Blue Jays and Guzman crowd out Twins Minnesota suffers 1st postseason loss at Metrodome, 5-2

October 10, 1991|By Peter Schmuck | Peter Schmuck,Sun Staff Correspondent

MINNEAPOLIS -- The Toronto Blue Jays finally let some air out of baseball's only inflatable stadium yesterday and wrested away the home-field advantage in the American League Championship Series.

The aura of invincibility that had enveloped the Minnesota Twins at the Metrodome turned out to be as phony as the fiberglass sky. The Blue Jays took the crowd out of the game in the early innings and scored a 5-2 victory to even the best-of-seven playoff at a game apiece.

Rookie pitcher Juan Guzman kept his cool when the sellout crowd of 54,816 tried to turn up the heat, giving up just two runs on four hits over 5 2/3 innings before giving way to the most overpowering short relief combination in the game. Tom Henke and Duane Ward, who combined to save 55 games during the regular season, gave up one hit the rest of the way.

Toronto manager Cito Gaston had hoped that the contrast between Game 1 starter Tom Candiotti and the hard-throwing Guzman would take the Twins out of their offense, but it was a change of speeds on the bases that allowed the Blue Jays to salvage a split at the Metrodome.

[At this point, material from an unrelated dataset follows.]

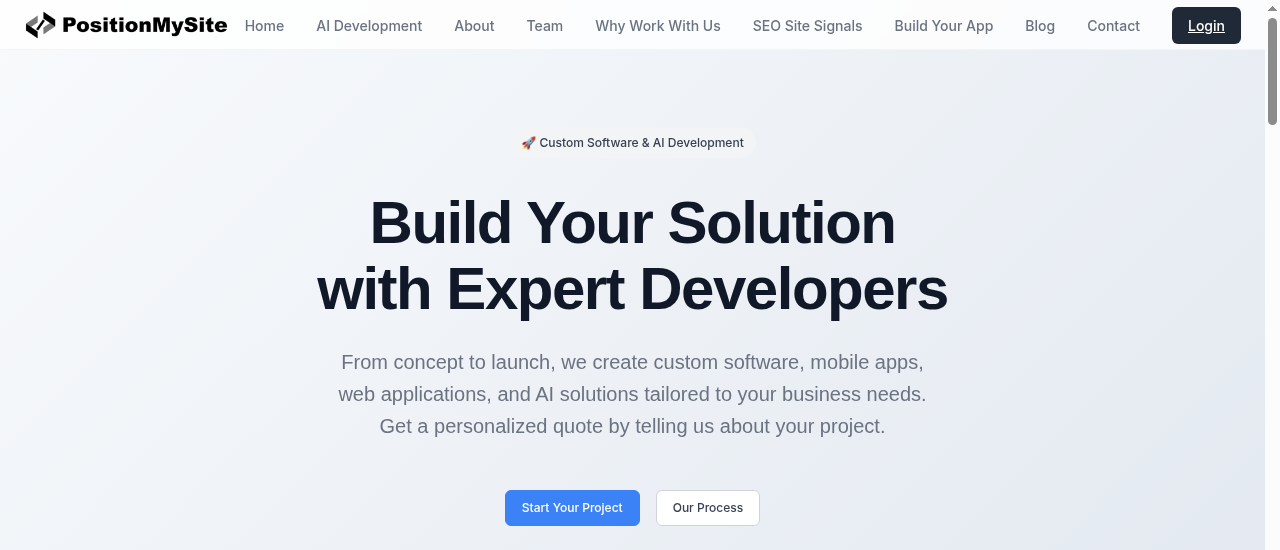 PositionMySite Build Your App page with styled hero and Start Your Project CTA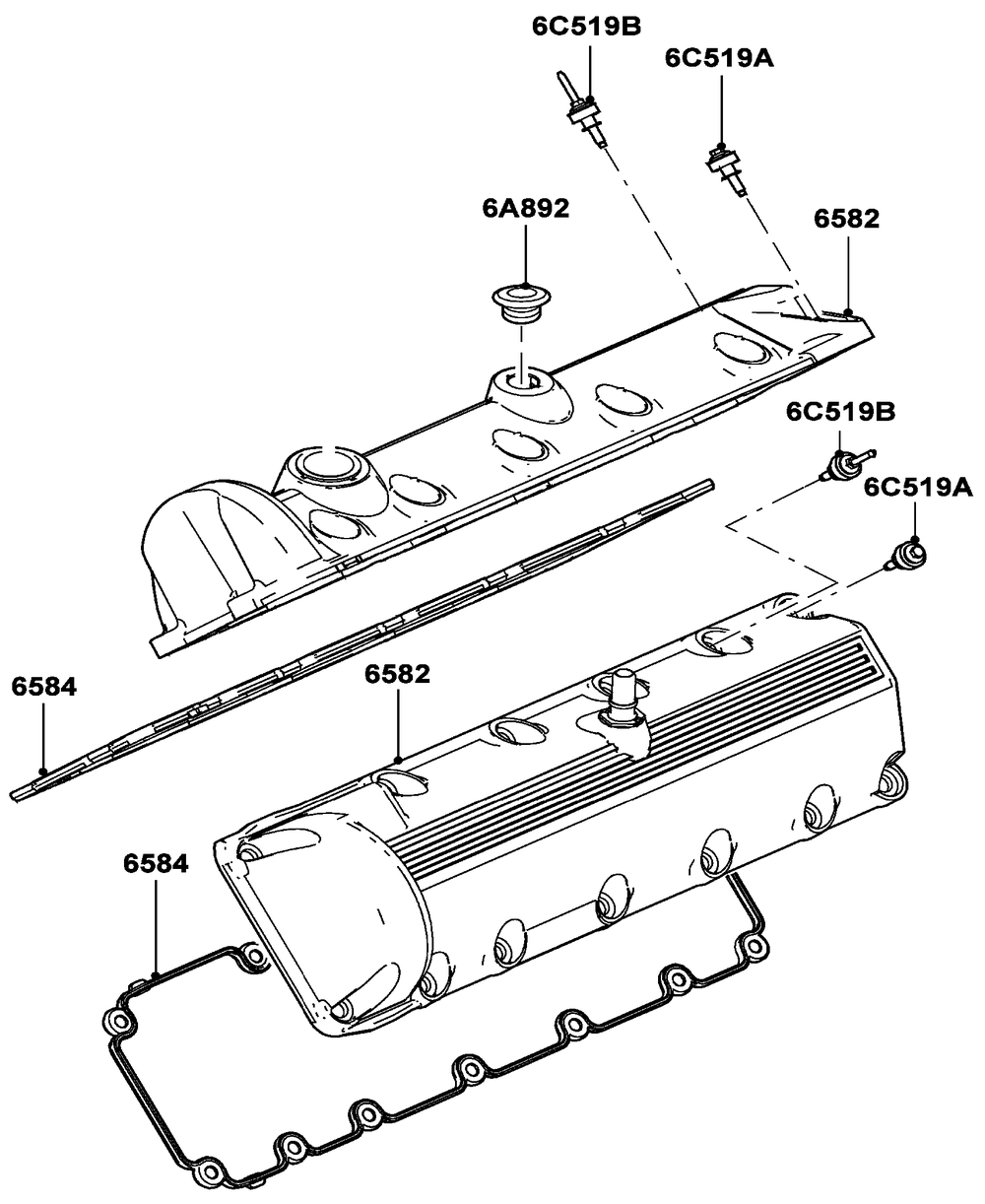 5.4l Gas Engine Rocker Cover Diagram and Parts List for QT08054ANSNA (5981037 - 5981038)(2010) Generac Generator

Leadoff man Devon White scored three runs and No. 2 hitter Roberto Alomar scored one, as the Blue Jays ran away with a very important victory. They became the first visiting team to win a postseason game at the Metrodome, breaking the Twins' seven-game winning streak.

"They took it to us last night and they did a good job, but I think we put some fear into their hearts because we came back," White said. "I think we carried that over into today. We knew we had to take at least one here."

White led off the game with a single and stole second, prompting Gaston to play for one run. He ordered Alomar to sacrifice, and the Blue Jays took the lead on an RBI single by Joe Carter.

If the decision to bunt with a runner at second and no one out in the first inning seemed slightly unorthodox, it was not without foundation. Gaston apparently felt it was critical to get on the scoreboard first, and there is a statistical basis for that approach. The team that has scored the first run has won 13 of the 14 games between the Blue Jays and Twins this year.

"I have always considered it very important to get the first run," Gaston said. "We have done that a few times before. They went out and got two runs in the first inning last night and you saw what happened."

The Twins ran up a five-run lead Tuesday night and then held off a sixth-inning rally. The Blue Jays obviously were determined not to let it happen again.

"You've got to go out and score early and put the pressure on them," Carter said. "They went out and put the pressure on us last night."

Gaston did not play it the same way when White opened the third inning with a double. Alomar took a full swing and beat out an infield hit to put runners at first and third with no one out. Twins starter Kevin Tapani came within an out of pulling a great escape, but Kelly Gruber looped a two-out broken-bat single to right to stake Guzman to a three-run advantage.

The Twins scored once in the third inning and once the sixth to make it a one-run game, but the top of the Toronto lineup again was instrumental in a two-run seventh inning that kept Minnesota at a safe distance.

"That's what we've talked about for a week, that you have to keep Devon and Roberto off the bases," said Twins manager Tom Kelly. "They scored three or four runs. They were the two guys. Obviously, we didn't do a good job."

Tapani, who was one of the most effective pitcher in the league down the stretch, worked 6 1/3 innings and gave up four runs on eight hits to lose in his postseason debut.

Guzman walked two of the first three batters he faced in the first inning, but ignored the gathering roar to work out of the jam.

No one could have known exactly what to expect from the 24-year-old right-hander, but he kept his wits about him and kept an amazing roll alive. He has lost just once in 12 decisions dating to a pair of June losses to the Baltimore Orioles in his first two major-league starts.

"Juan has pitched a lot of baseball," Gaston said. "He's a pretty calm kid, or at least he seems to be calm."

Guzman said going in that the Metrodomemania would be nothing compared with the craziness that erupts in the stands in his native Dominican Republic. He apparently knew what he was talking about, but the early lead did not hurt.

The pressure of pitching for a pennant didn't seem to bother him either, though he got in trouble with a pair of sixth-inning walks and needed Henke to get the last out of the inning.

"I didn't really feel it [the pressure]," Guzman said. "I already had pitched against them and I knew what I could do against them."

He'll get a chance to do it again at the Metrodome if one of the teams does not sweep the three weekend games in Toronto. Gaston would not rule out moving Guzman up to pitch in Game 5 at SkyDome, but he said that the Blue Jays probably will stay with a four-man postseason rotation.